A hedgehog eating a dead mouse during January 2017. - Credit: Julie Stribley

In his book, Farmers’ Warfare, published in 1947, Charles Walton refers to an account from ‘a recent book’ (he doesn’t, unfortunately, say which) telling of a pet hedgehog killing a mouse:

he threw his prickly bulk at the unwary nibbler, rolled on it once or twice, and devoured the flattened remains.“

Subsequently, in his 1969 Survival book, The Hedgehog, Maurice Burton wrote:

To what extent hedgehogs catch and eat mice is a matter for debate. There is the testimony of several reputable observers that they will do both, either when they come across them accidentally or by watching at the entrance to the nest, like a cat. It is sometimes argued that a hedgehog is not quick enough for this work, but to assume it always moves slowly is to underrate it as we have seen. Another argument against the hedgehog as a mouser is that a mouse does not recognize it as an enemy. To illustrate this is the story from a scientist of three hedgehogs in a compound under observation. One was seen to catch a mouse whereupon its two companions tried to snatch the mouse from it. In the ensuing tug-of-war a second mouse wandered all around and over the hedgehogs, seemingly undisturbed.”

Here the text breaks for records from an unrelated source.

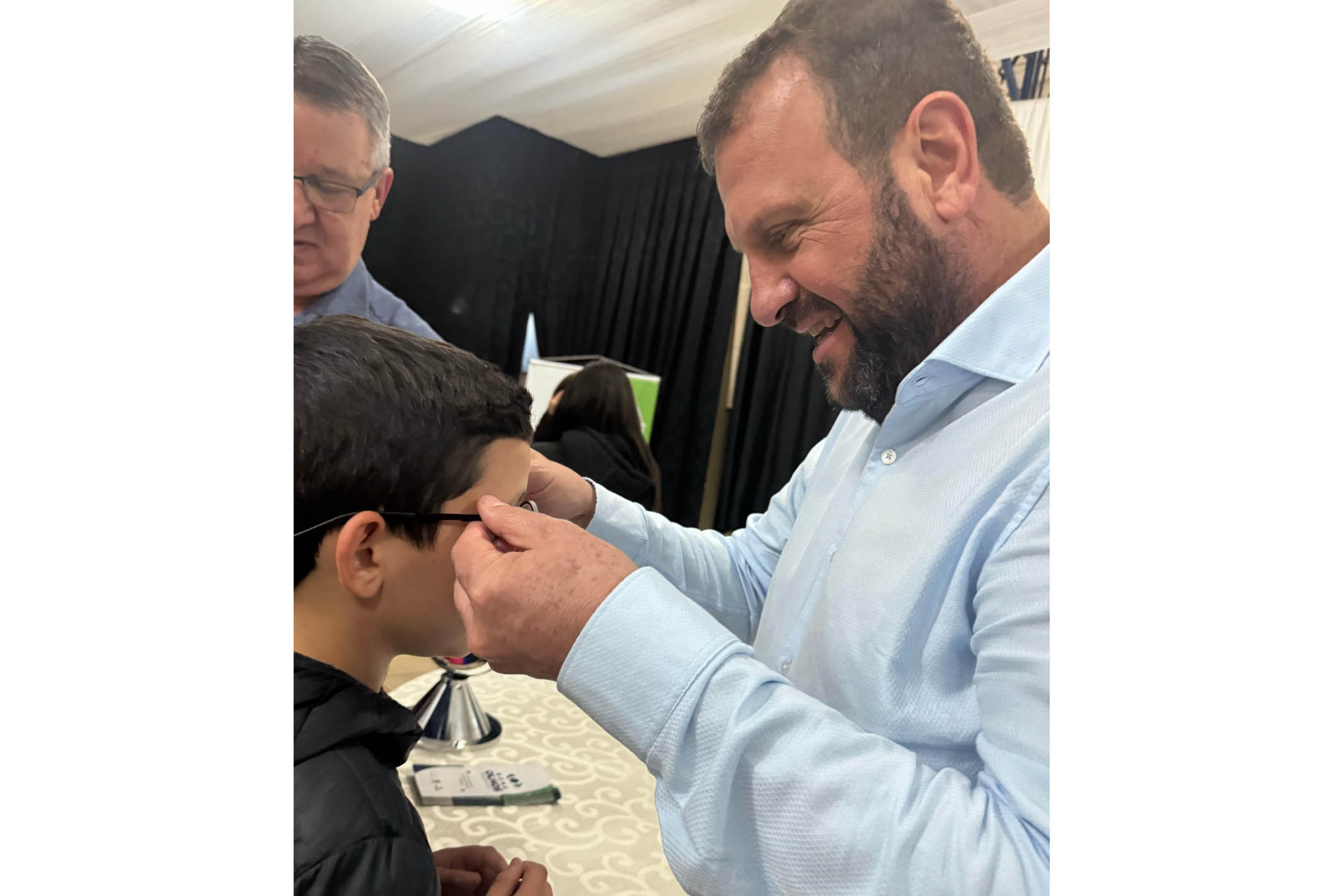 Estado entrega mais 589 óculos do Programa Bons Olhos Paraná para alunos da rede pública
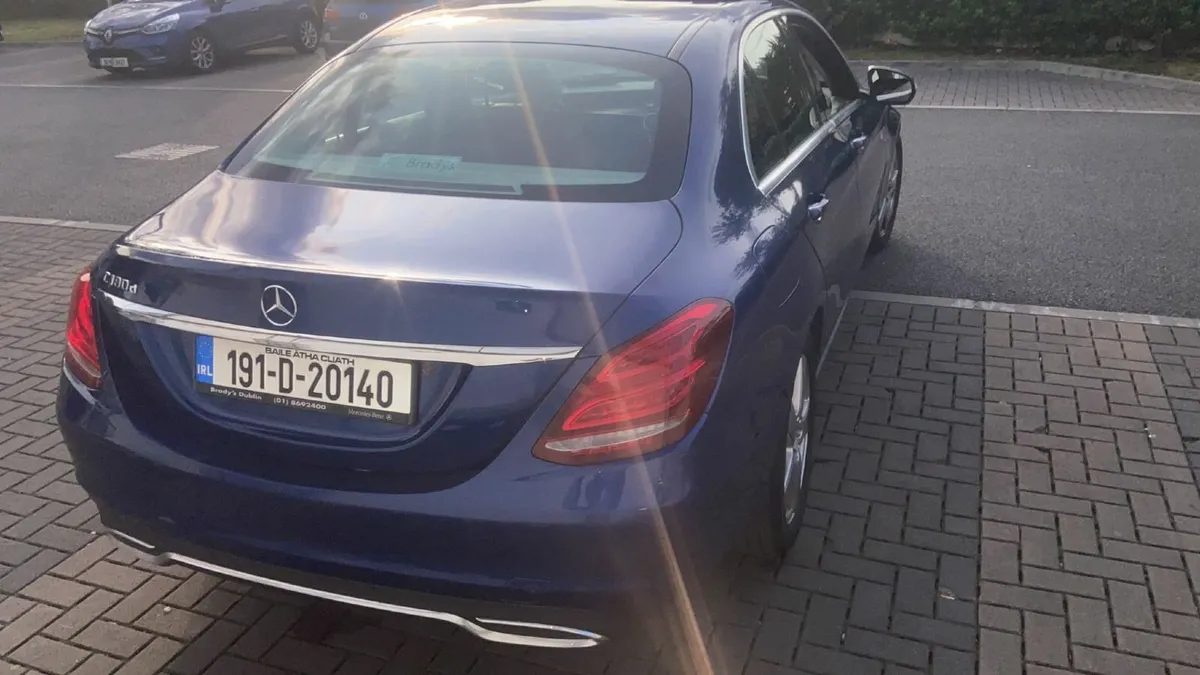 Mercedes-Benz C-Class 2019 - Image 4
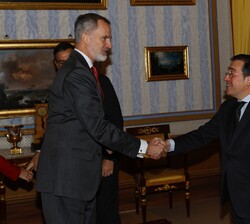 Sus Majestades los Reyes recibidos por el ministro de Asuntos Exteriores, Unión Europea y Cooperación, José Manuel Albares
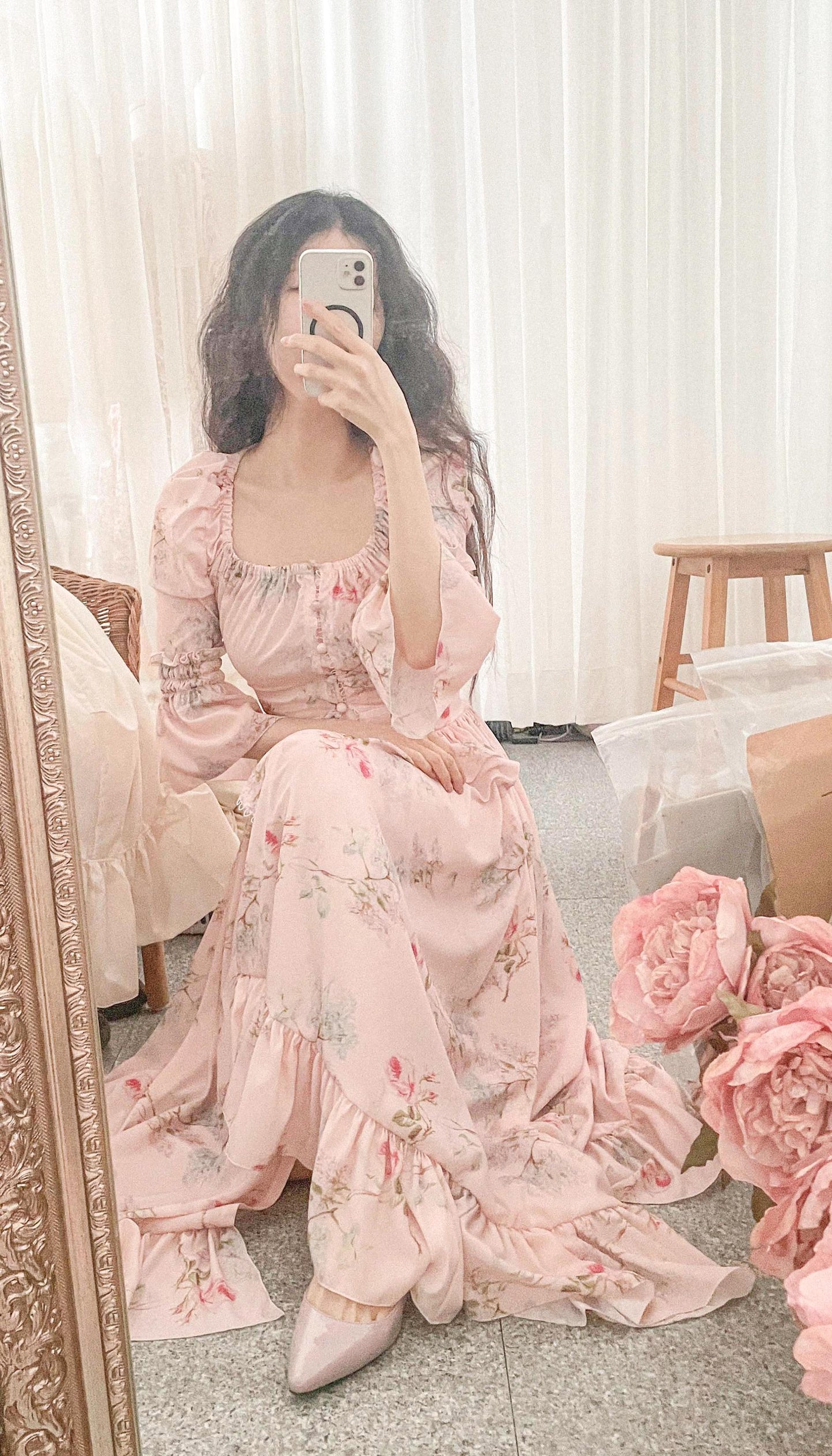 Charlotte dress in cream floral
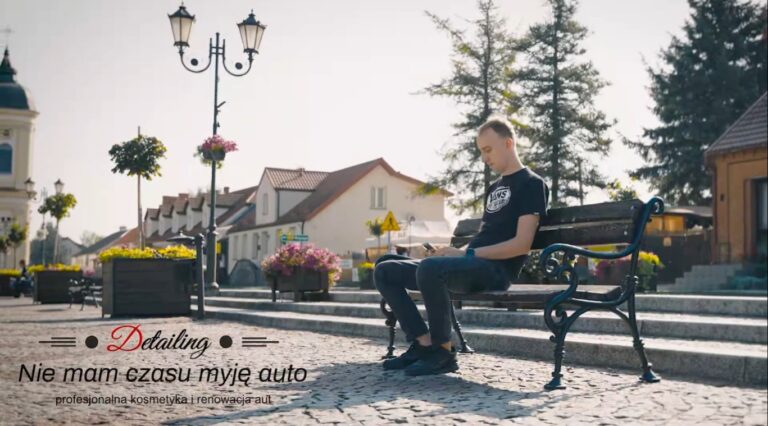 Kadr z filmu promocyjnego usługi detailingowej – nagranie w centrum Białegostoku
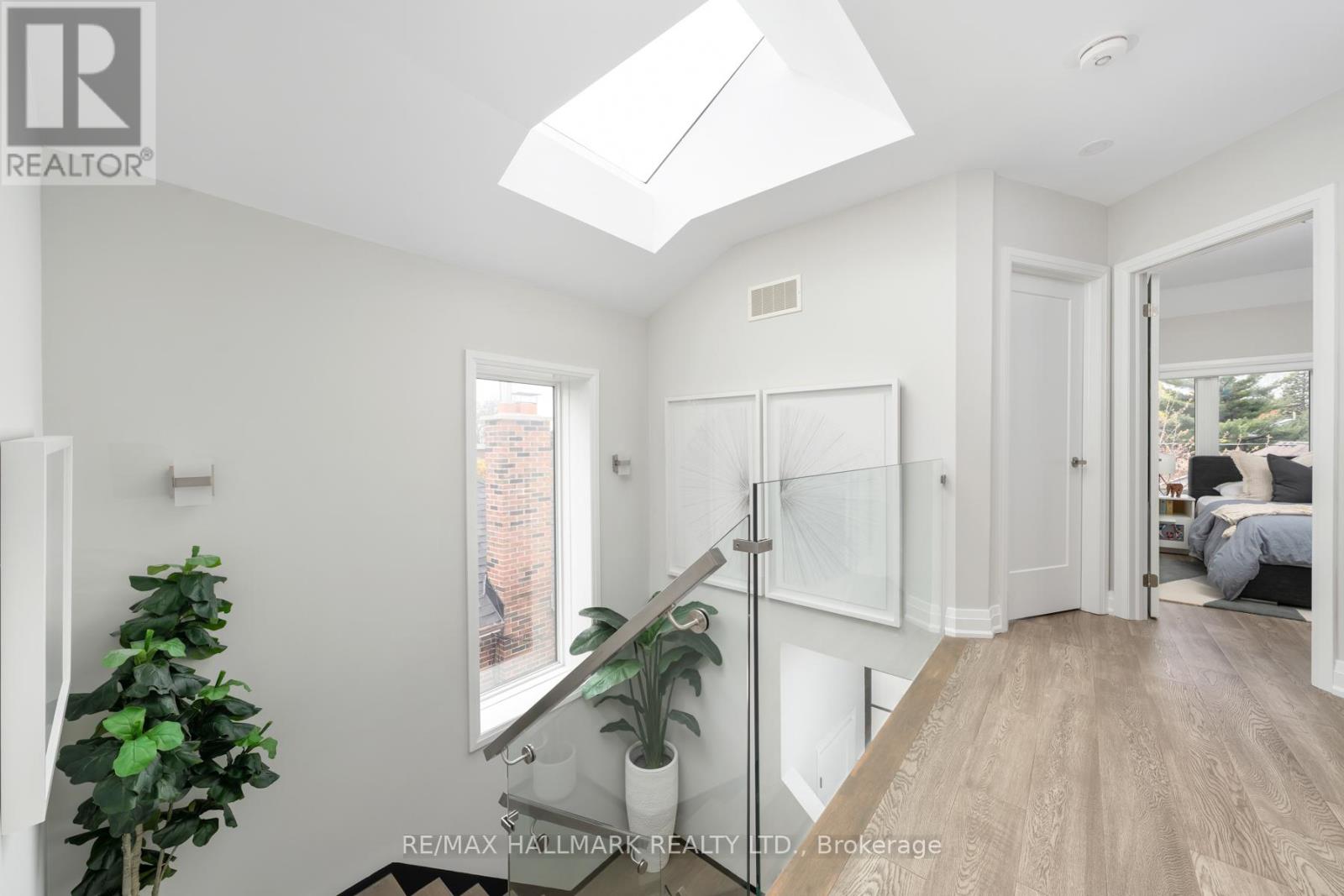 53 Northbrook Road, Toronto, Ontario  M4J 4G2 - Photo 16 - E13090032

Burton goes on to describe a couple of other reports, including observations by other researchers of hedgehogs catching mice and lizards, which are apparently pounced on and shaken before being eaten. Certainly, work by renowned zoologist Hans Kruuk suggests, based on following hedgehog tracks on a sand dune, that hedgehogs will follow the trail of their prey at the usual trot, before seizing them with a rapid pounce. In spite of Burton’s observations, studies by former Frankfurt Zoo curator Konrad Herter imply that this reputation as fierce mousers belies their true nature.

A wood mouse (Apodemus sylvaticus). - Credit: Hanna Knutsson

In his meticulous Hedgehogs: A comprehensive study, originally published in German in 1963, Herter notes that hog will eat dead mice of various species, albeit without any particular relish. He also describes the results of experiments where he has put the two species in the same enclosure and the hedgehog has failed to notice the mouse until it pretty much bumps into it; the mouse showed no instinctive fear of the hedgehog. He does describe hedgehogs snapping at mice on occasion, but the mouse generally gets away and the hogs made no attempt to chase after them, although they did sometimes appear to follow their scent. Overall, Herter explained:

I have often kept white laboratory mice which are much slower and less handy than the grey house mouse, in cages together with hedgehogs, without their being killed and eaten, for days on end. In most cases the hedgehogs were just not interested after a time in this much publicized game and they let the rodents eat out of the same dish with them. Now, if it is so difficult for the hedgehog to catch the mouse in the relatively narrow confines of a cage, then it must be much more difficult for him in a large space or in the open and he must be only occasionally successful.

Herter notes that the foregoing does not preclude the possibility that hedgehogs will occasionally predate a lame mouse, or one it has blundered into a corner; but in most cases, it is probably nests of pups that are eaten. His conclusion was:

They are certainly not the efficient rodent exterminators that they have been cracked up to be.

Nigel Reeve also considered it unlikely that a hedgehog would be able to catch fit and active prey such as a healthy mouse, suggesting, like Herter, that moribund individuals or nestlings are more probable targets. Overall, it seems probable that a hedgehog would at least try to take a mouse if the opportunity presented itself, but it is unlikely that they are very often successful.